Our evidence resides, as we sometimes find, not within documentatino of Chinuk Wawa, but in remnants of it preserved as loans in other languages.

Specifically, in Hutyéyu (Tillamook Coast Salish).

There, as documented by the great Pacific NW linguists Terry and Lawrence Thompson, we find míməlus k’ʷəním ‘burial canoe’. 

That’s recognizably Chinook Jargon, although ‘canoe’ got somewhat distorted in the passage of time.

I wonder how the original plain “k” of kəním got ejectivized (“popping”); could this relate to Tillamooks’ impressions of the sound-symbolic consonant mutations in the speech of their longtime neighbors the Clatsop / Shoalwater Chinookans? 

(Also, Hutyéyu does some interesting things with lip-rounding, which may help explain how an original plain “k” became .)

This phrase found, while an elder was answering a researcher’s questions about a Salish language, is 100% grammatical Chinuk Wawa, a normal Noun+Noun compound, where the first member semantically modifies the second one. 

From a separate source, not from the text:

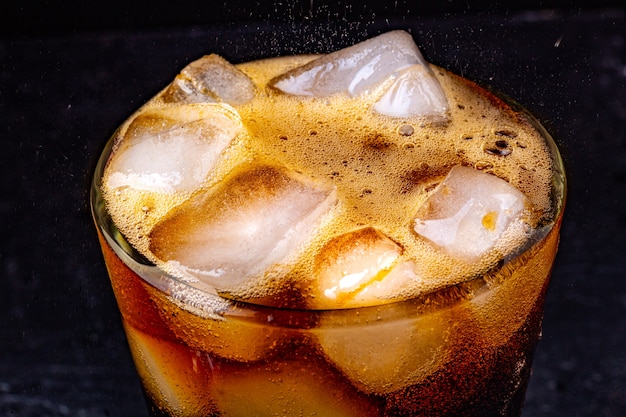 Foto fizz com água de cola com gás e refrigerante borbulhante com cubos de gelo.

Any native Hutyéyu term for any type of canoe would be expected to be a single word, using the suffix -ékɬ / -íkɬ / -egíɬ ‘canoe’. An example of such a word known in the language is s-t’ən-íkɬ ‘burned canoe’ (scorching is part of the usual process of carving one).

I will write up a separate post about other CW found during Tillamook research.

PS: hayu masi kʰapa chup henli Zenk for assistance rendered!

PPS: It’s my understanding that someone still needs to put together a complete modern dictionary and grammar of Hutyéyu. Know a grad student?

What do you think?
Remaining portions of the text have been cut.